Re: [PATCH RFC] xfs, memcg: Call xfs_fs_nr_cached_objects() only in case of global reclaim

From: Kirill Tkhai
Date: Wed Mar 21 2018 - 12:15:29 EST


On 20.03.2018 17:34, Dave Chinner wrote:
> On Tue, Mar 20, 2018 at 04:15:16PM +0300, Kirill Tkhai wrote:
>> On 20.03.2018 03:18, Dave Chinner wrote:
>>> On Mon, Mar 19, 2018 at 02:06:01PM +0300, Kirill Tkhai wrote:
>>>> On 17.03.2018 00:39, Dave Chinner wrote:
>>> Actually, it is fair, because:
>>>
>>> /* proportion the scan between the caches */
>>> dentries = mult_frac(sc->nr_to_scan, dentries, total_objects);
>>> inodes = mult_frac(sc->nr_to_scan, inodes, total_objects);
>>> fs_objects = mult_frac(sc->nr_to_scan, fs_objects, total_objects);
>>>
>>> This means that if the number of objects in the memcg aware VFS
>>> caches are tiny compared to the global XFS inode cache, then they
>>> only get a tiny amount of the total scanning done by the shrinker.
>>
>> This is just wrong. If you have two memcgs, the first is charged
>> by xfs dentries and inodes, while the second is not charged by xfs
>> dentries and inodes, the second will response for xfs shrink as well
>> as the first.
>
> That makes no sense to me. Shrinkers are per-sb, so they only
> shrink per-filesystem dentries and inodes. If your memcgs are on
> different filesystems, then they'll behave according to the size of
> that filesystem's caches, not the cache of some other filesystem.

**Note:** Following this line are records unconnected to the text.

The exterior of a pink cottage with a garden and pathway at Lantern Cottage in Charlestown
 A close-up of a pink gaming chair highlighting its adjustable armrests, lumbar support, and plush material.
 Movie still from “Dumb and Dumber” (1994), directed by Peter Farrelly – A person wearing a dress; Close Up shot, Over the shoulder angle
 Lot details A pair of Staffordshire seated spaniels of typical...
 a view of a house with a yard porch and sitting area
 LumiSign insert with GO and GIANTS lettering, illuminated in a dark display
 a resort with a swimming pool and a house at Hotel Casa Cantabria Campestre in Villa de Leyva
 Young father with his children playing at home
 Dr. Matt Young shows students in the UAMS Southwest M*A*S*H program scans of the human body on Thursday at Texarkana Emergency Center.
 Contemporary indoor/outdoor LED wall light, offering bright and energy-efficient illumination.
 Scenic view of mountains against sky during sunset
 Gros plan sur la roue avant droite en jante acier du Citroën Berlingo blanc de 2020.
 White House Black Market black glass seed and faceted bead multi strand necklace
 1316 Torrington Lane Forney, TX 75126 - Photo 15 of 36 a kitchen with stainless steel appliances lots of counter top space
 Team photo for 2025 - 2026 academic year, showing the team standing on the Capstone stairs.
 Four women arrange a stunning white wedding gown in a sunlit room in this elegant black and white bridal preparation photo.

But this break the isolation purpose of memcg. When someone places
different services in different pairs of memcg and cpu cgroup, he
wants do not do foreign work.

>> When we call shrink xfs partition of the second memcg, total_objects
>> in super_cache_count() will consist only of cached objects.
>>
>> Then, we will call super_cache_scan() in the loop, and
>>
>> total_objects = dentries + inodes + fs_objects + 1 = fs_objects
>> s_objects = mult_frac(sc->nr_to_scan, fs_objects, total_objects) ~ almost equal to sc->nr_to_scan.
>>
>> So, if the first memcg is huge and it's charged 10GB to cached objects,
>> the second memcg will shrink signify part of this objects (depending
>> on do_shrink_slab() priority) in case of reclaim coming.
>
> Do we really care which memcg does the global reclaim work as long
> as it all gets done in a timely manner? The fact is that when there
> is global memory pressure, shrinkers from every memcg will be doing
> work all the time and so it really does not matter which shrinker
> context does what work. In such cases, memory reclaim is all about
> bulk throughput, and we trade of instantenous fairness for overall
> fairness and higher bulk throughput.

There is container workload, when services are executed in different
memcg to controll their resources. If there are database and mail server
in two containers, you want to make them use their own resources,
and don't want to make database shrink mail server inodes and vise versa.
You just want to allocate resources enough for both of them, and make
them not affect each other.

> And, well, the bulk of XFS inode reclaim is not done by the shrinker
> contexts - memcg or otherwise - it's done by an asycnhronous,
> non-blocking per-filesystem background work which is kicked by a
> shrinker scan being run on that filesystem . The only reason we keep
> the shrinkers doing direct work is to throttle direct reclaim to the
> overall background inode reclaim rate. It's hardly fair for the
> filesystem to automatically do the work the memcg should be doing
> and doing it faster than the memcg reclaim can do it, is it?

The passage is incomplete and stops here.